Pode se dizer que esse seria o caso brasileiro também, se de fato fosse efetivado o desejo dos torcedores do bolsonarismo.
Em agosto de 2021, a BBC trouxe uma reportagem onde dizia que Bolsonaro adotava medidas do manual de Cháves e revelava semelhanças e diferenças num comparativo entre Brasil e Venezuela.
Essa reportagem voltou a circular em outubro de 2022, quando o empresário João Amoêdo (Novo), candidato à presidência em 2018, comparou a atitude do presidente Jair Bolsonaro de aumentar o número de ministros do Supremo Tribunal Federal, como aconteceu na Venezuela.
– Tanto Bolsonaro quanto Chávez fizeram carreira militar e tiveram problemas disciplinares que os levaram a deixar as Forças Armadas, afirma a BBC.
Talvez fosse fácil para Bolsonaro aplicar um auto golpe, se o Brasil fosse uma Venezuela. Mas, as instituições democráticas brasileiras estiveram vigilantes neste período, tanto quanto as do Peru.
GOLPISTAS NA PRISÃO
Fracasso de golpe no Peru é recado contra golpismo bolsonarista no Brasil, manchetou o colunista do UOL, Tales Faria em reportagem nesta quinta-feira (8).
O fracasso do presidente do Peru, Pedro Castillo, em sua tentativa de golpe de Estado nesta quarta-feira, 7, ecoou no Congresso brasileiro como um recado contra as articulações golpistas dos bolsonaristas no Brasil.
A avaliação não é só de políticos petistas ou aliados de primeira hora do presidente eleito, Luiz Inácio Lula da Silva (PT). Também viram assim integrantes dos partidos de centro e até aqueles do chamado centrão, que serviu de base de sustentação ao presidente Jair Bolsonaro (PL) no Congresso.
A reportagem traz depoimentos de vários políticos analisando e comparando a tentativa de golpe de Estado no Peru, com os arroubos semelhantes praticados pelo presidente Bolsonaro, ao maior estilo populista chavista.
Talvez por conta da similaridade dos fatos, é que tem aumentado a angústia de Bolsonaro com 2023. Pela primeira vez, em 34 anos, o político deixará de ter foro privilegiado.

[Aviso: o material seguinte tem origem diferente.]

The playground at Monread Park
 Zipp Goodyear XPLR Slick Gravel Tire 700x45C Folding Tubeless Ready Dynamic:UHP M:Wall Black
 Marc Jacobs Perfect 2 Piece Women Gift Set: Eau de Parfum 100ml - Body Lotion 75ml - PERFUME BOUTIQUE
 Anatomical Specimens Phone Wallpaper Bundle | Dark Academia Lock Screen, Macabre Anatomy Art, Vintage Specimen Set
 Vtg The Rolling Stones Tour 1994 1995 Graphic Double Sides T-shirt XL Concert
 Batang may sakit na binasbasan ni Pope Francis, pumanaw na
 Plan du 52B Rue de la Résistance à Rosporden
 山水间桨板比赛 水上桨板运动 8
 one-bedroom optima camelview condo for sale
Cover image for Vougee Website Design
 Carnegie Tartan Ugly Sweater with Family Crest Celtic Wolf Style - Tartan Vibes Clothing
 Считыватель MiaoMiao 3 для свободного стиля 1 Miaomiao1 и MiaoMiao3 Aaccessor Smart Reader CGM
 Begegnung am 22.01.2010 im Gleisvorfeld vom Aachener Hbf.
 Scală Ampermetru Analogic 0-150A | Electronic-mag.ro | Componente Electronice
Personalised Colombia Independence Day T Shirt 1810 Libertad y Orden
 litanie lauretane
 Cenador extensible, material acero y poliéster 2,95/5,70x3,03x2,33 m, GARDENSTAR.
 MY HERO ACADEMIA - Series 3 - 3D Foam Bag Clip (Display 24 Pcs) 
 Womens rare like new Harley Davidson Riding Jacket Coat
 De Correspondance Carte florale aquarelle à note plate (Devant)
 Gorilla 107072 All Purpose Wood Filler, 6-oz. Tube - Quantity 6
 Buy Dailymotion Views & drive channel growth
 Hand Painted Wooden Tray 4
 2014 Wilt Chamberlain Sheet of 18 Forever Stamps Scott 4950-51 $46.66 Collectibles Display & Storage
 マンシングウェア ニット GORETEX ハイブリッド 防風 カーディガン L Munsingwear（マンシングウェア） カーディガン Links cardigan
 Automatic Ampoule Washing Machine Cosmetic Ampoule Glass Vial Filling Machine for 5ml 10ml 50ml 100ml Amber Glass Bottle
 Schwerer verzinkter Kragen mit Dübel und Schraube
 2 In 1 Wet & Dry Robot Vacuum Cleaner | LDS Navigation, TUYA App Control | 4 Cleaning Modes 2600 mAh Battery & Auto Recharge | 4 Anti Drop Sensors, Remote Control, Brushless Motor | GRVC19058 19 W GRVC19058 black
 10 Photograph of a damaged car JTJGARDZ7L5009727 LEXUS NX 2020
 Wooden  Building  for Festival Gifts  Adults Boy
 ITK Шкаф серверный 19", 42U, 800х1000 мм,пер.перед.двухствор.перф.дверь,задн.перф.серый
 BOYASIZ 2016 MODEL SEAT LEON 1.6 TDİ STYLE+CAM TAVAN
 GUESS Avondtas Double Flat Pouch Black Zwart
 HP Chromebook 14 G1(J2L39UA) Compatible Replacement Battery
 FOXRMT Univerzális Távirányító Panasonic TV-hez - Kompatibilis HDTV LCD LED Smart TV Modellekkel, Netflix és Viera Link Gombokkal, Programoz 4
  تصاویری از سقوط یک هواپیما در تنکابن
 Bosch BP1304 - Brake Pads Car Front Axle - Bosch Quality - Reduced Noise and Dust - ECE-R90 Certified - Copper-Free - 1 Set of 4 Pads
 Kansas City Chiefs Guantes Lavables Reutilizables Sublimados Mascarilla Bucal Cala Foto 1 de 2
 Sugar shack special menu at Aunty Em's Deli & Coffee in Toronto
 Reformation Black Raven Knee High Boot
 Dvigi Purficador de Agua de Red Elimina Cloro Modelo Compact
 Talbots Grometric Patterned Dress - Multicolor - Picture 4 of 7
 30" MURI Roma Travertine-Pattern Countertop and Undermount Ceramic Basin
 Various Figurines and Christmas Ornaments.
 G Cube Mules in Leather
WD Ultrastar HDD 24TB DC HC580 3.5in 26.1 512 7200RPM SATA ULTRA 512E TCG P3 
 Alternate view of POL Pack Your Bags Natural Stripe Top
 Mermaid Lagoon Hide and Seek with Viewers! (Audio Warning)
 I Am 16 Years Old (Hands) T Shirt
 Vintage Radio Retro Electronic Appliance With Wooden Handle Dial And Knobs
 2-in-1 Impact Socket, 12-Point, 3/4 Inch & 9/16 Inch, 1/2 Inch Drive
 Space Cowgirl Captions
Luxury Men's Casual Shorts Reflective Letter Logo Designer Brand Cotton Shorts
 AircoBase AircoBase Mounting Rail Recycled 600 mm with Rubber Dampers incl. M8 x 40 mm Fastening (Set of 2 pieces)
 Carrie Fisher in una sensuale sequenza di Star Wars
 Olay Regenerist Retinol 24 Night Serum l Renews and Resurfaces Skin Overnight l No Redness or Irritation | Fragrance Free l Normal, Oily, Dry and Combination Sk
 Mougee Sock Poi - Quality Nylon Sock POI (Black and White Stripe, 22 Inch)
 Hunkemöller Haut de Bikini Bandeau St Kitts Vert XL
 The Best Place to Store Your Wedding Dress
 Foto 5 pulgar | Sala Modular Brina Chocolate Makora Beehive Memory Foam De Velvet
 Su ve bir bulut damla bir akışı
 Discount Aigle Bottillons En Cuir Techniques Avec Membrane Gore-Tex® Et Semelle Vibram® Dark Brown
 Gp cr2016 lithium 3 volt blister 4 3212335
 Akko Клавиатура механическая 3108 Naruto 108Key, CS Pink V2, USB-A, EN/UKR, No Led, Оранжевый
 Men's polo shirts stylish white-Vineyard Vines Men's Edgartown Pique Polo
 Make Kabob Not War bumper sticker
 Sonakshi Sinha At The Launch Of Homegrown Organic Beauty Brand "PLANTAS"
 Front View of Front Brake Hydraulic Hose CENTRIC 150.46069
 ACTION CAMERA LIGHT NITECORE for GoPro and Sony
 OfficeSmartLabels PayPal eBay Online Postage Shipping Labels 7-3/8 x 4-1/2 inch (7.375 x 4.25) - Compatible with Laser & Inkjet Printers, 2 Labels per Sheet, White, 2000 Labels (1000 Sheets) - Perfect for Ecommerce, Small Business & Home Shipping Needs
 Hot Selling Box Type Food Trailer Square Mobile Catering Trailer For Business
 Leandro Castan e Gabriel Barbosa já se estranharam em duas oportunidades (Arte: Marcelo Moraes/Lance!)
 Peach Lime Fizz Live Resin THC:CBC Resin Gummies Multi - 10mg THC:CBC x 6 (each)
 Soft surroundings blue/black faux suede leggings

A propósito, nesta segunda-feira (12), Luiz Inácio Lula da Silva e Geraldo José Rodrigues Alckmin Filho serão diplomados. A cerimônia de diplomação está marcada para acontecer às 14h. Cabe ao Tribunal Superior Eleitoral (TSE) diplomar os eleitos para ocupar os cargos de presidente e vice-presidente da República.
Ironia do destino: para a torcida contra o ex-presidiário retorna à presidência do Brasil. O outro público assiste o temor do próprio presidente de ir parar na prisão em 2023.
“Quero dizer aos canalhas,” o presidente Jair Bolsonaro falou a apoiadores no ano passado, “que eu nunca serei preso!”
“Por Deus que está no céu, eu nunca serei preso,” ele declarou a uma plateia de empresários em maio. Como ele passa “mais da metade” do seu tempo lidando com processos, certamente se sente bem preparado para essa possibilidade. Mas há desespero em sua fala. O destino da ex-presidente boliviana Jeanine Añez, que foi recentemente condenada à prisão sob a alegação de orquestrar um golpe, paira pesadamente no ar, opinou a escritora brasileira com foco na política, cultura e vida cotidiana do Brasil, em publicação de agosto no The New York Times.
Para Bolsonaro, o caso serve de alerta.
É do jogo, é da vida – derrotas e vitórias.
Obs: Aziz Huq – jurista americano e professor de Direito Frank e Bernice J. Greenberg na Escola de Direito da Universidade de Chicago
Tom Ginsburg – professor de Direito Internacional e Professor de Ciência Política na Universidade de Chicago e membro da Academia Americana de Artes e Ciências.